MATERIAL PROVIDED.
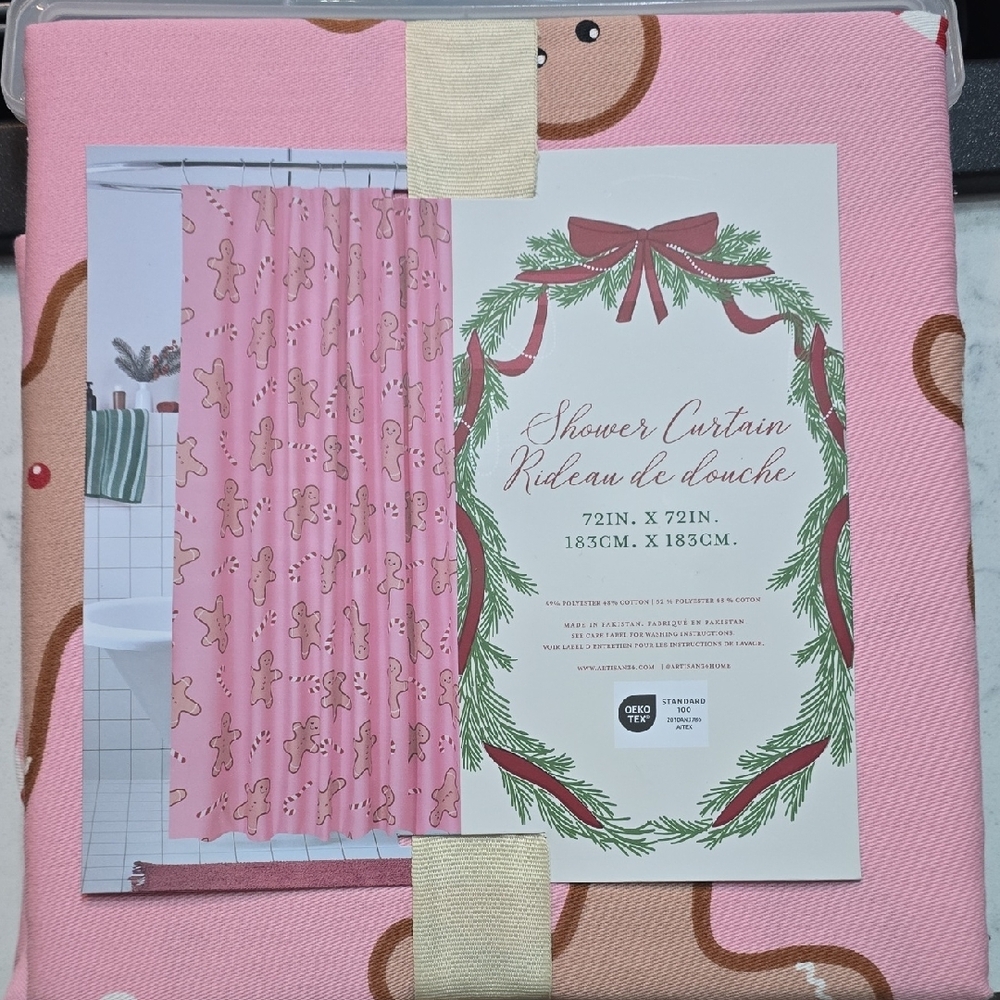 Pink Gingerbread Shower Curtain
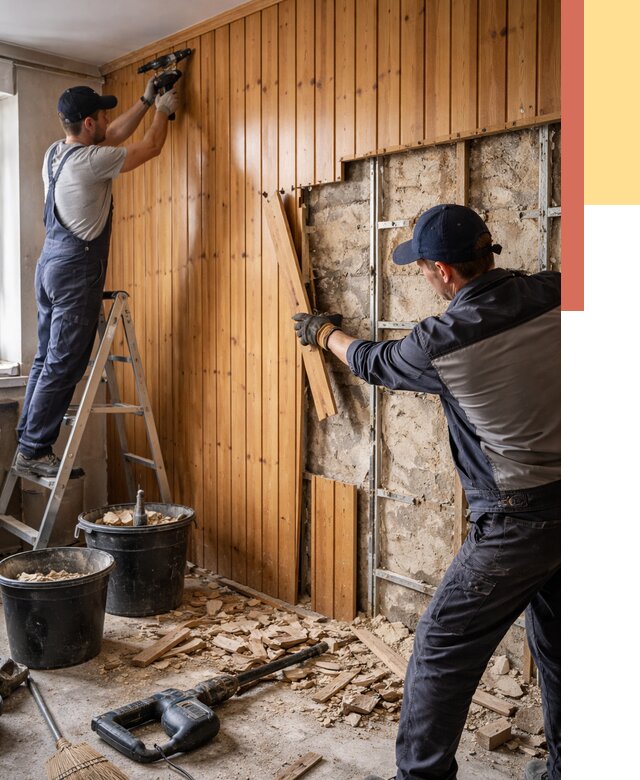 Демонтаж вагонки со стен в Белогорске от 1479 руб. — снятие, удаление, срочно | ОТДЕЛОЧНИК-Бгк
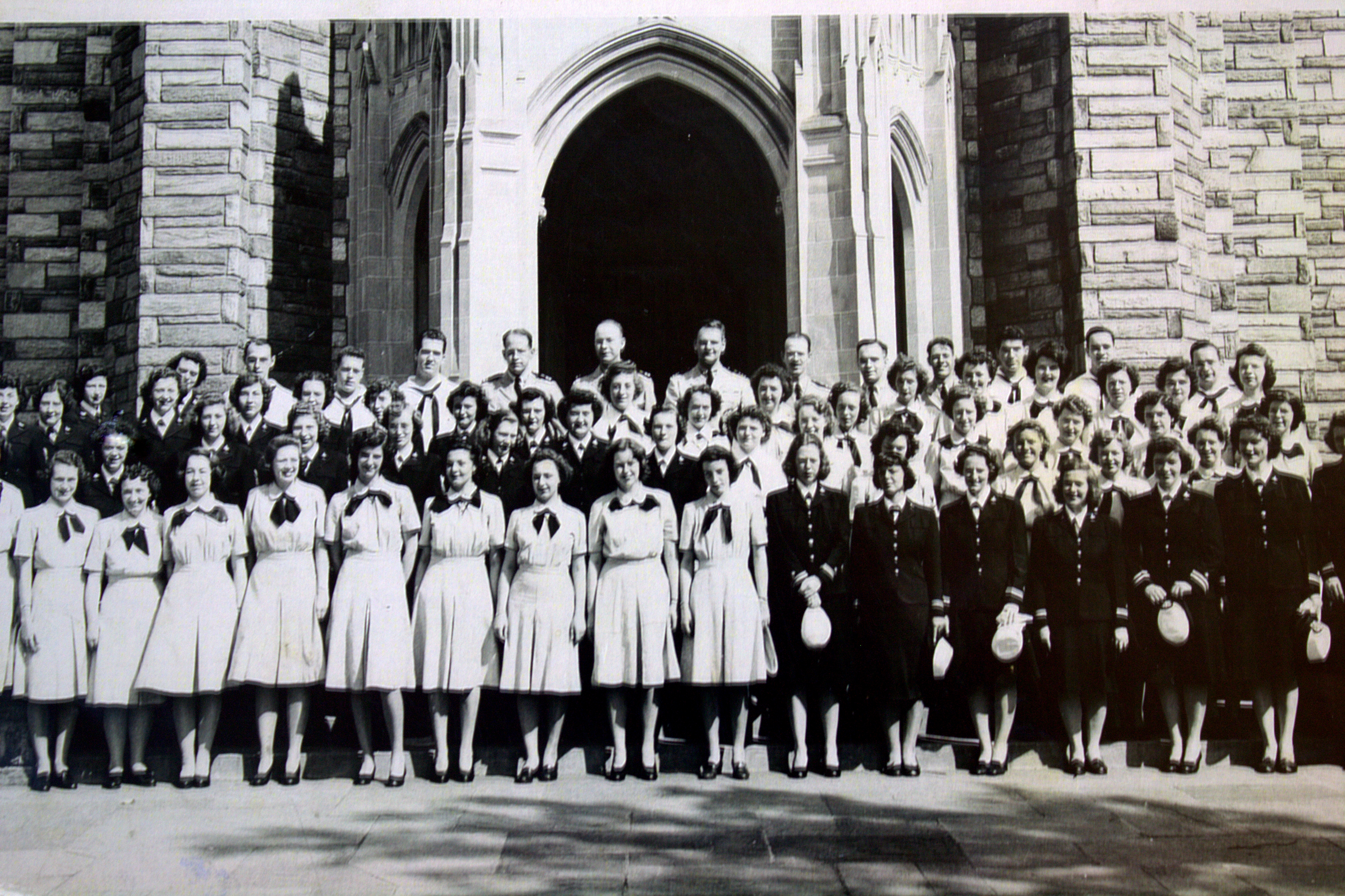 Parsons' class of codebreakers at the Naval Communication Annex, part of the former Mount Vernon Seminary in Washington, DC. (Julia Parsons)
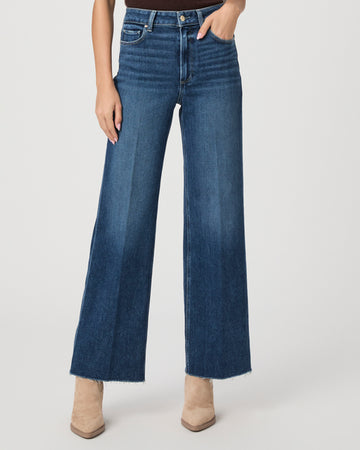 In a perfect wash for Autumn/Winter this modern high waisted wide leg jean from Paige has an easy relaxed fit and the elongated silhouette gives an effortlessly chic look. Crafted from Paige's signature vintage denim and featuring an extra long length and raw hem these will feel perfectly lived in from the first wear. 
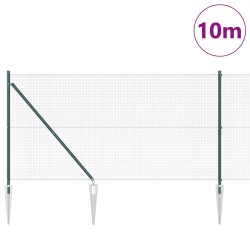 Clôture en fil soudé avec 7 piquets verts 1.2x10 m en acier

EXERCISE.
Pictures excluded, print only the lines from the one with "In a perfect" through the end of the entries above, exactly as written.

ANSWER TO THIS TASK.
 In a perfect wash for Autumn/Winter this modern high waisted wide leg jean from Paige has an easy relaxed fit and the elongated silhouette gives an effortlessly chic look. Crafted from Paige's signature vintage denim and featuring an extra long length and raw hem these will feel perfectly lived in from the first wear. 
 Clôture en fil soudé avec 7 piquets verts 1.2x10 m en acier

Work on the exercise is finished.